By Les Dunseith
When the “parking cash-out program” became law in California, Donald Shoup had done it! Surely, this would launch a wave of legislation to reform all those nonsensical parking regulations he’d been writing about since the 1970s.
Or so it seemed in 1992.
Shoup’s idea was that any employer that offers subsidized parking for its workers should also offer employees the option of taking the cash value if they opt out of parking. Within a year of getting the attention of a state assemblyman, it was passed by the legislature and signed by the governor.

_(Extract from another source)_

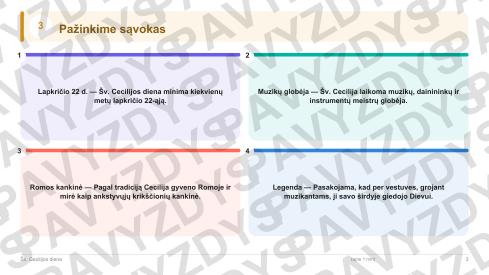 Šv. Cecilijos diena 5-6 kl.: 20 užduočių, SUP, stalo žaidimas ir QR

“And I thought, well, this is easy! I just have to be clear and explain what I’m doing,” Shoup recalled. “But [parking reform] has taken a very long time to really sink in.”
Planning Commission official Chris Meyer stands with a huge stack of Don Shoup’s book “The High Cost of Free Parking” weighing down a folding table during a news conference in Minnesota that was held to launch a parking reform effort in the state. The books were distributed to all members of the Legislature.
To understand Shoup’s research on parking, it helps to have read his landmark book with the wry title: “The High Cost of Free Parking,” first published in 2005. But it’s not required. Don Shoup is adept at boiling his crusade down to four key reforms:
1. Parking cash-out.
2. Eliminate requirements that force real estate developers to accommodate a minimum number of parking spaces per construction project, a practice that Shoup viewed almost as “an established religion” in the planning profession.
3. Charge drivers for parking on city streets and in city lots, setting the price to ensure one or two open spaces on every block.
4. Make the practice of paying for parking politically popular by dedicating the revenue to additional public services. “So, if anybody puts a dollar in a parking meter, it comes right out the other side to clean the sidewalk or repair the street or plant trees,” Shoup explained.
Shoup sees previous parking practices as a flimsy house of cards. “They were assembled over decades by officials who were arbitrarily adding a parking requirement,” he said. “And it was all a pseudoscience.”
Decades later, the wave of policy change Shoup always envisioned may finally be arriving. A spry octogenarian who still comes to campus regularly almost a decade after retiring, the distinguished research professor of urban planning is seeing his ideas being implemented in city halls, statehouses and government offices far and wide:
- Buffalo, San Francisco and San Diego are among numerous cities that have rethought parking policies.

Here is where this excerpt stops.